This continues in the face of staggering inequalities, starkly set out by Charlotte Denny in a 2002 article for The Guardian:
“For half the world's population the brutal reality is this: you'd be better off as a cow. The average European cow receives $2.20 (£1.40) a day from the taxpayer in subsidies and other aid. The richest 25 million Americans have an income equal to that of almost 2 billion people, while the assets of the world's three richest men is greater than the combined income of the world's least developed countries. At the UN millennium summit [in 2000], world leaders set themselves the task of halving global poverty. The cost is estimated at between $40bn and $60bn on top of current aid spending - about a sixth of what the west currently spends on subsidising its farmers”.
Britain’s political leaders marked today’s event with fresh pledges to tackle the crisis. Tory leader Michael Howard said ending world poverty was a "noble" ambition. Charles Kennedy called for the poorest nations' debts to be wiped out. Tony Blair said the scandal of Africa’s plight was that the richer nations could end the suffering, but had failed to do so. He said 2005 must represent “a new beginning” for the continent.
Blair has made strong statements of this kind before. In his landmark speech to the Labour party conference in the wake of 9/11, Blair said that “The state of Africa is a scar on the conscience of the world. But we could heal it”. Liberal commentator Polly Toynbee was in raptures: “like the Winds of Change speech that told Britain empire was over, this will stand as a moment British politics became vigorously, unashamedly, social democratic. The day it became missionary and almost Swedish in pursuit of universal justice”.
Turning to the prospect of Blair’s divine interventions being frustrated by the shortcomings of others, Toynbee mused that “It will take time to see whether the old sell-arms-to-anyone French have been similarly moved and changed”. In the event, disappointment came rather closer to home. Barely three months had passed before the New Labour government decided to grant British Aerospace an export licence to provide Tanzania with a $40m military air traffic control system. Aid agencies were stunned. Kevin Watkins, Oxfam’s senior policy adviser, said the deal “exposes the huge gulf between prime ministerial rhetoric and foreign policy realities. The immediate losers will be ordinary Tanzanians. One in three Tanzanian children is malnourished; every day about 500 die. The problem is that public spending on health is $2 per person. For Tanzania, the cost of the system, which the International Civil Aviation Authority says is massively over-priced and inadequate, is about equivalent to one third of the national health budget”. Nevertheless, Blair gave his personal backing to the sale.

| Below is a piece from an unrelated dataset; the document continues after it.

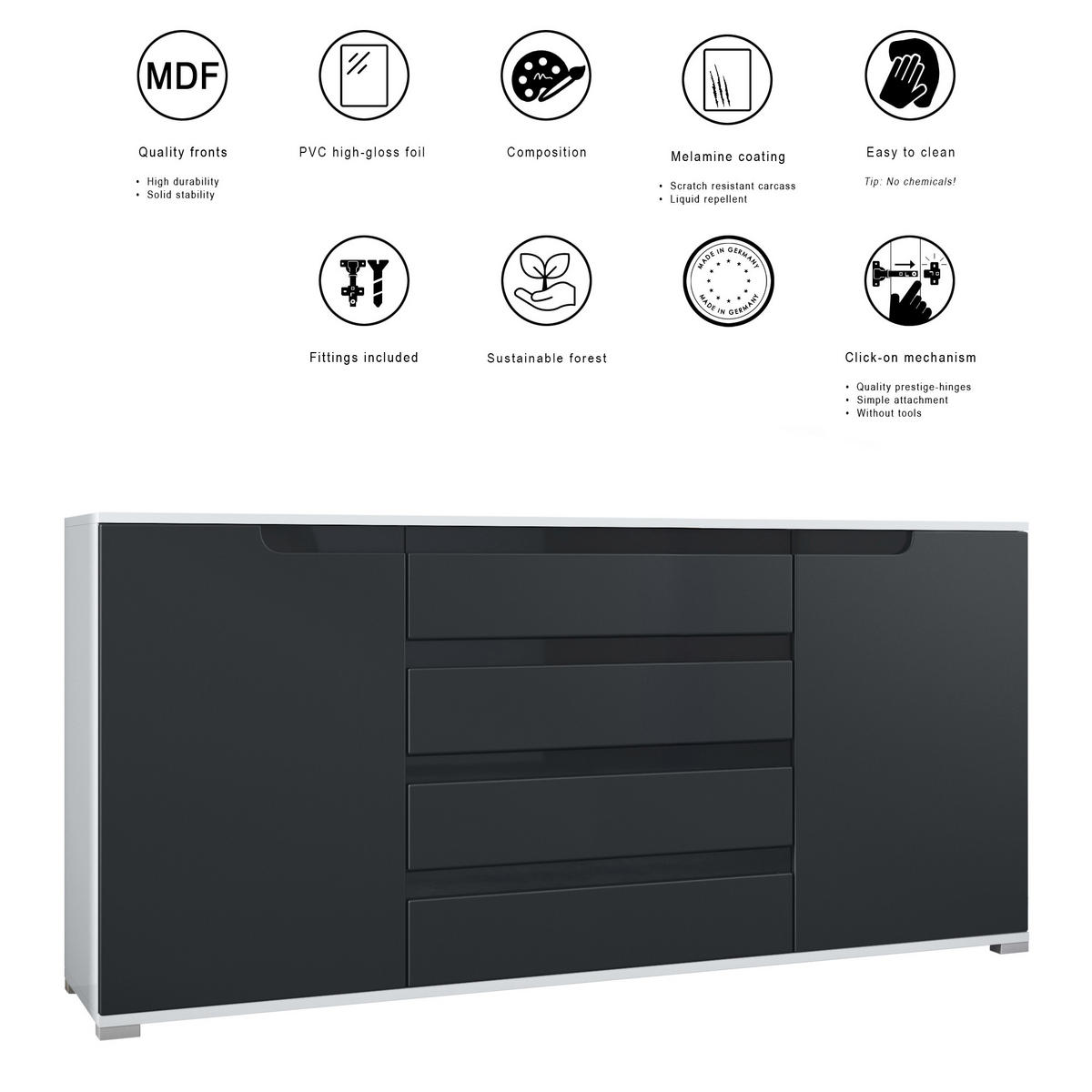 SIDEBOARD Sylt Brombeer Hochglanz / Weiß Hochglanz - Brombeere, Holzwerkstoff (166.5/75.5/35cm) - Vladon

For Mark Curtis, Director of the World Development Movement and former Head of Policy at Christian Aid, the gulf between rhetoric and reality is apparent across the spectrum of UK policy toward the third world. The media lavish praise on New Labour for increases in aid and debt relief, but fail to mention “the awkward fact that poor countries only get such increases when they agree to pursue economic policies "advised" by the World Bank and International Monetary Fund. This invariably involves privatising companies and opening up their economies further to trade "liberalisation". The effect has regularly been to increase poverty and inequality, and to make the world safer for corporations. While Blair claims to be listening to Africa, his government has for the last decade been opposing at the World Trade Organisation African proposals to pursue alternative trade policies. Stopping selling arms to Africa might also just help the continent, but this - naturally - is completely off the radar screen”. British policy is led, not by a mission to heal the wounds of world poverty, but to serve British economic interests abroad.
Cynicism should not be allowed to preclude even the smallest openings for political change on global poverty. The subject is far too serious for that. Voters and campaigners should therefore be mindful of such cynicism on the part of politicians, as manifested in the “huge gulf between prime ministerial rhetoric and foreign policy realities” described above by Oxfam’s senior policy adviser. Blair’s infamous 2001 speech also marked “a new beginning” – the beginning of a US/UK military crusade that would test his supporters’ loyalty to the limit. Now in 2005 he must appeal to his core constituency once again if he is to be elected to a third prime ministerial term. But if “the new beginning” he proclaims for the world’s poor is to be realised then we must look to ourselves, and not New Labour, to deliver it.